Amanda Tomé is Preservation Coordinator for the Digital Research Alliance of Canada
Background
2024 is the year of file formats for the Digital Research Alliance of Canada’s Federated Research Data Repository (FRDR). It’s been a year of being confused by file formats, overwhelmed by file formats, and generally trying to figure out what to do with the file formats in our repository.
After reviewing the results of a file metrics scan undertaken on the repository in March 2024, which effectively confirmed our suspicions that many of the file formats in FRDR were not present in file format registries, I knew there was a lot of work to be done to get a better handle on the file formats in our repository. However, I wasn’t entirely sure how to get started or the approach to undertake. I also wanted this work to benefit the Canadian research data community and the digital preservation community.
Turns out, I didn’t need to start from scratch or reinvent the wheel. The digital preservation community has developed many wonderful resources that are publicly available.
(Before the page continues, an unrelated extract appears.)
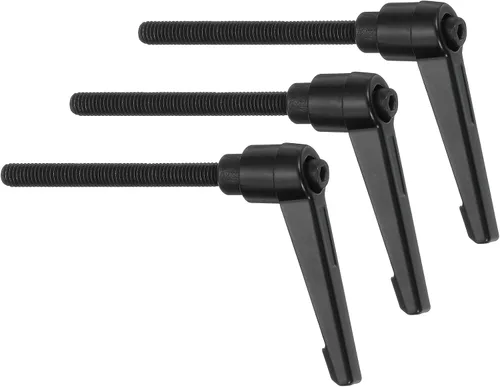 Vista 15 de uxcell 3 perillas ajustables M5 x 0.472 in, rosca macho, botón de trinquete, cierre rápido, perno giratorio para maquinaria de torno, color negro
I was able to tap into these resources, modify them as needed and incorporate the resources into our digital preservation work.
I decided that the file format work would have many phases, the first being to enhance the identification of files when datasets were deposited in FRDR. This work would involve creating file format signatures for the unknown and the misidentified file formats we found.
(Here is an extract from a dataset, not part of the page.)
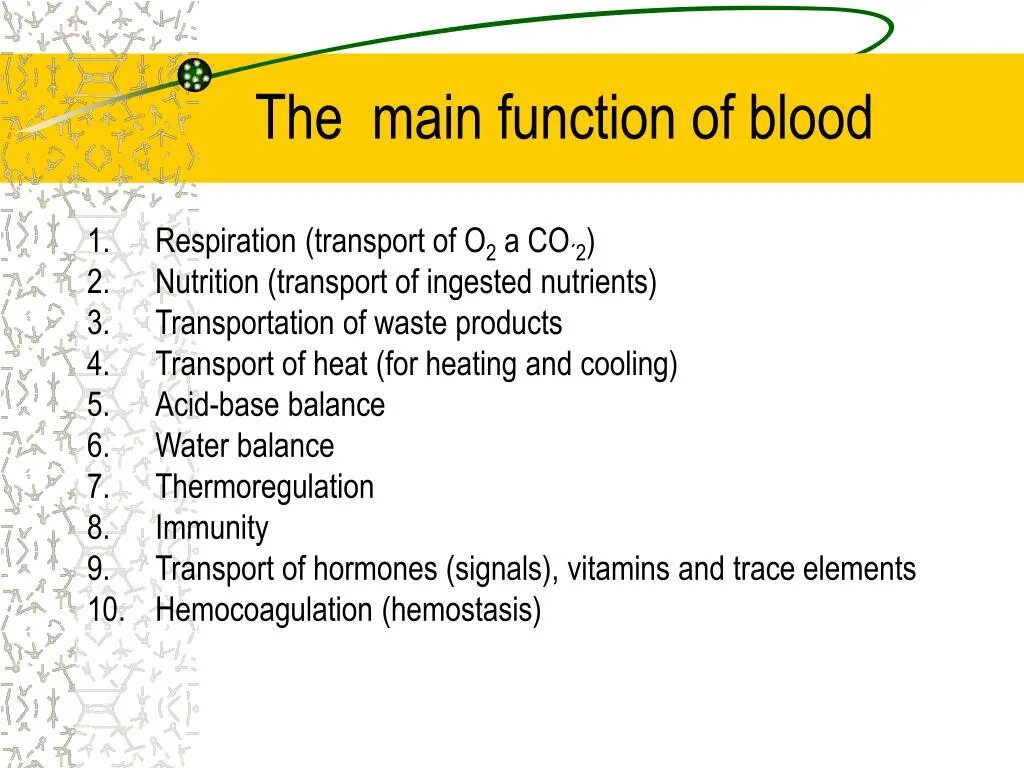 Functions of Blood. Transport function of Blood. What are the main elements of Blood?. Functions of nutrients.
Digital Preservation Community to the Rescue
I had never created a file format signature, and I needed some guidance on how to start. My first stop on the file format signature development tour was the wonderful PRONOM Starter Pack. Not only did the Starter Pack provide a great guide to understanding file format signatures and the tools needed to develop signatures, the links to external resources, such as blog posts, which outlined experiences related to file format signature development, were also invaluable in helping shape my understanding of this work.
Next up on the tour is the Registries of Good Practice project. It happened that around the time I started thinking about file formats in FRDR, the Digital Preservation Coalition and Yale University Library’s Registries of Good Practice project was about to kick off. Attending and participating in the monthly meetings has been helpful in understanding the registry landscape, the diverse tools that are available, like the format aggregator, and it was particularly exciting to see the development of the DigiPres Workbench as an output of this project (thank you, Andy Jackson!).
Admittedly, even with the Starter Pack, the blog posts, and the Registries of Good Practice project, there was still a bit of apprehension as to whether I possessed the necessary skills to develop file format signatures. Luckily, PRONOM Drop-in meetings exist.
The PRONOM Drop-in sessions are a fantastic way to hear about the file formats the community is encountering, and it provides an inviting forum to collaborate and ask questions about signature development. As a lone digital preservationist, connecting with the PRONOM community was particularly helpful as it made me feel less isolated when conducting our file format work. The sessions reinforced what I had discovered during my research and added considerably to my knowledge of file format signatures. There were many, “I didn’t know you could do that,” moments throughout our journey.
Beyond the Horizon
I hope that by developing file format signatures and submitting these signatures for inclusion in PRONOM, that we are giving back to the community that has helped us get started.
But this isn’t the end of our file format tour. Phase 2 of this work will involve documenting these unknown formats so we can share the information with Canadian data repositories. It is likely we will look once again at what the digital preservation community has developed to help do this work.
Without the resources developed by the community and without the opportunity to have a space to ask questions about file format signature development, this work would likely not have gotten off the ground.
Thank you all for your hard work and for making these resources available!